5 ideas for couples & 5 ideas for the single folk.

| UPDATED couple day ideas lonely single valentines

Whether you love it or loathe it, if you’re so single you have ready meals for one every night or if you’re so in love it makes everyone else want to hurl, V-day is finally upon us. It’s crept us on us, and left myself and I’m sure many others clueless as to what to do.

Loved up? You don’t want to go for the cliché, you can’t do something that screams “I’m a twat and came up with this 5 minutes ago, but please still have sex with me today”, and if your bank balance were a person it’d be crying. Single? You just need ways to convince yourself that you’re not the lamest human alive for 24 hours.

Without further ado, here are my top 5 V-day ideas for both couples and singles.

COUPLES:

1. Give a card. If you won’t give your valentine a card, there’s a high probability you’d be better off having a date with your hand instead. As for the card itself, you live in BRIGHTON, so this can’t be any generic hearts/glitter/poetry/teddy fest. Here are my best picks from the Laines.

2. Give chocolate. I’m not talking Ferrero Rocher here: Go all out and check out Choccywoccydoodahs in town. Your girlfriend will be indebted to you indefinitely. Sex= guaranteed.

3. Go to the cinema. Shun the Odeon because the Duke of York cinema on Preston Circus offers cosy 2 seat sofas and a swanky bar service to really make going to the movies classy. Sex= guaranteed.

4. Go to tea. Less conventional, but there are no shortage of great teahouses in town, and if you’re dating someone with vintage taste, sex=guaranteed.

5. Get really, really drunk. If all else fails, It’ll be a bonding experience, promise.

SINGLES

1. Get really, really drunk. Cliché yet possibly still your best option, I’m afraid. Rum will always love you.
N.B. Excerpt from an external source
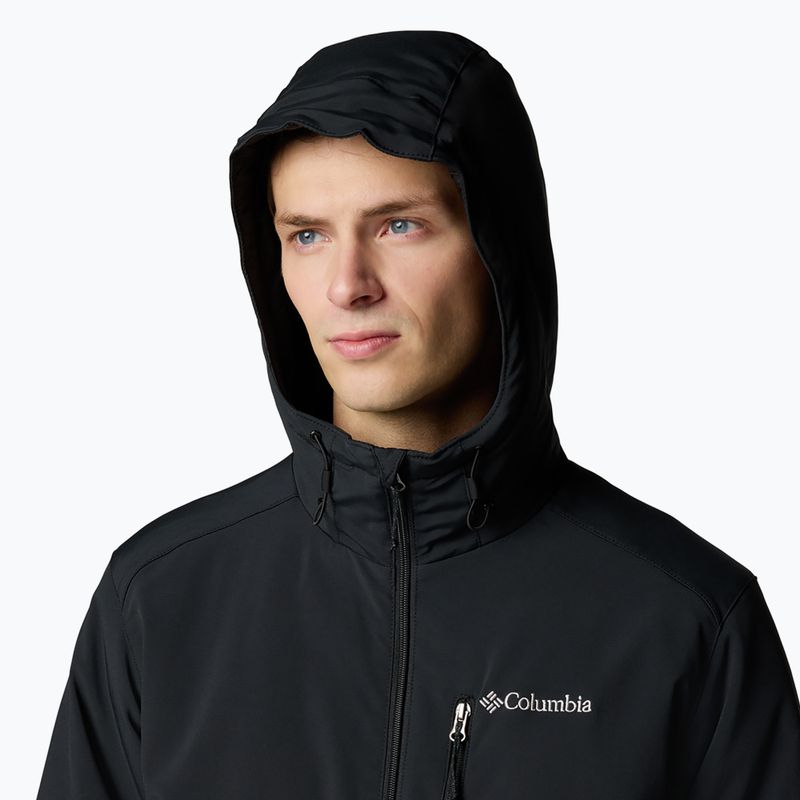 Kurtka softshell męska Columbia Gate Racer II Softshell black 6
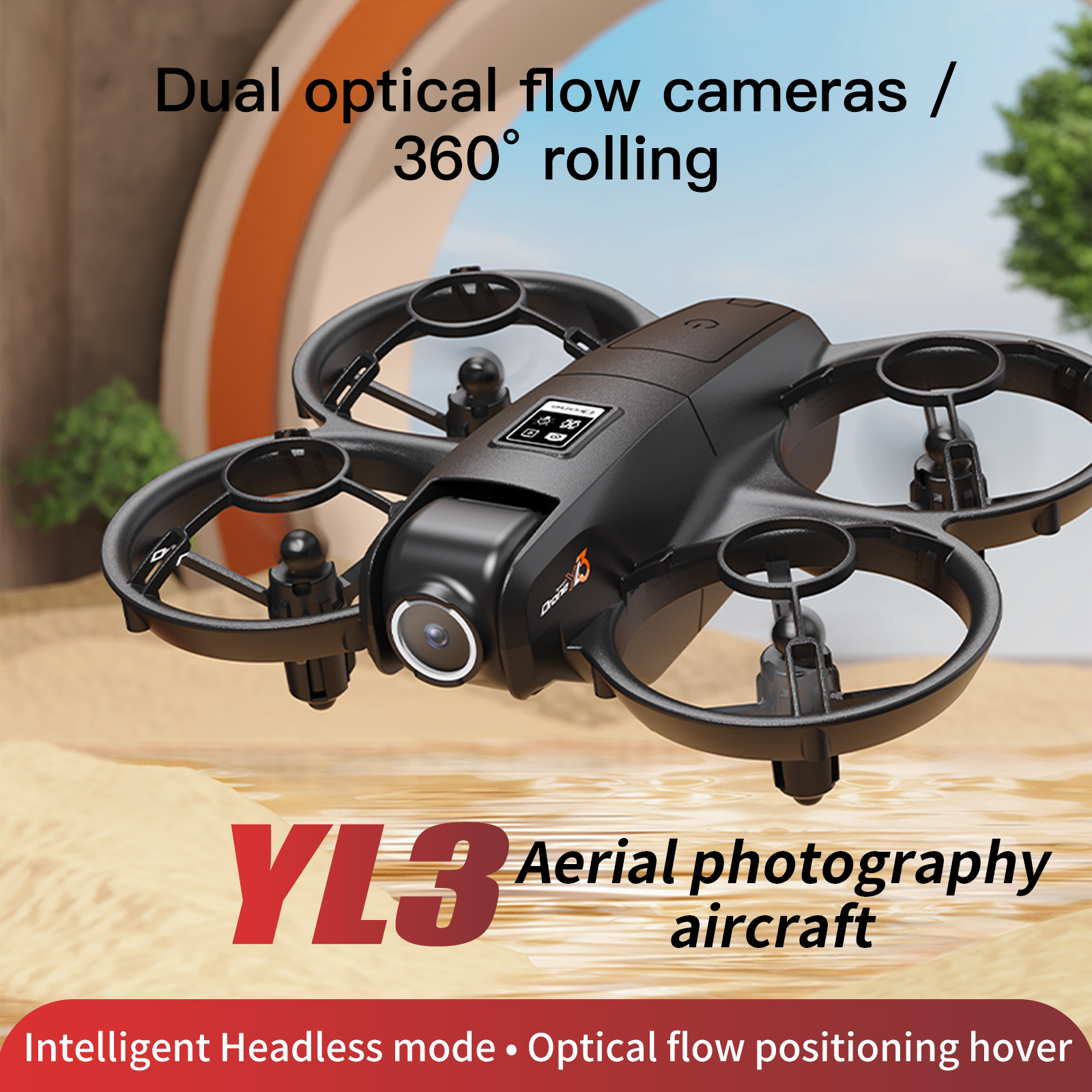 YL3 Remote-Controlled Drone wi - Drone Camera Lens 리뷰 및 가격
2. Buy your date. You read that right, Sussex RAG are auctioning off guys and girls this week to raise money for charity. You, desperate? Never…

3. Dares. Gather your single friends, see number one on this list, and hit up a club armed with dares like “get a free round by seducing the bar staff”.

4.  Stay in. Yes, it’s lame, but V-day is just another out of 365. Besides, you can spend the money you saved from staying in on going to Carnage’s playboy night on Monday 17th- it’s a win-win.

5. Play flappy bird. Face it, you’re probably doing it already.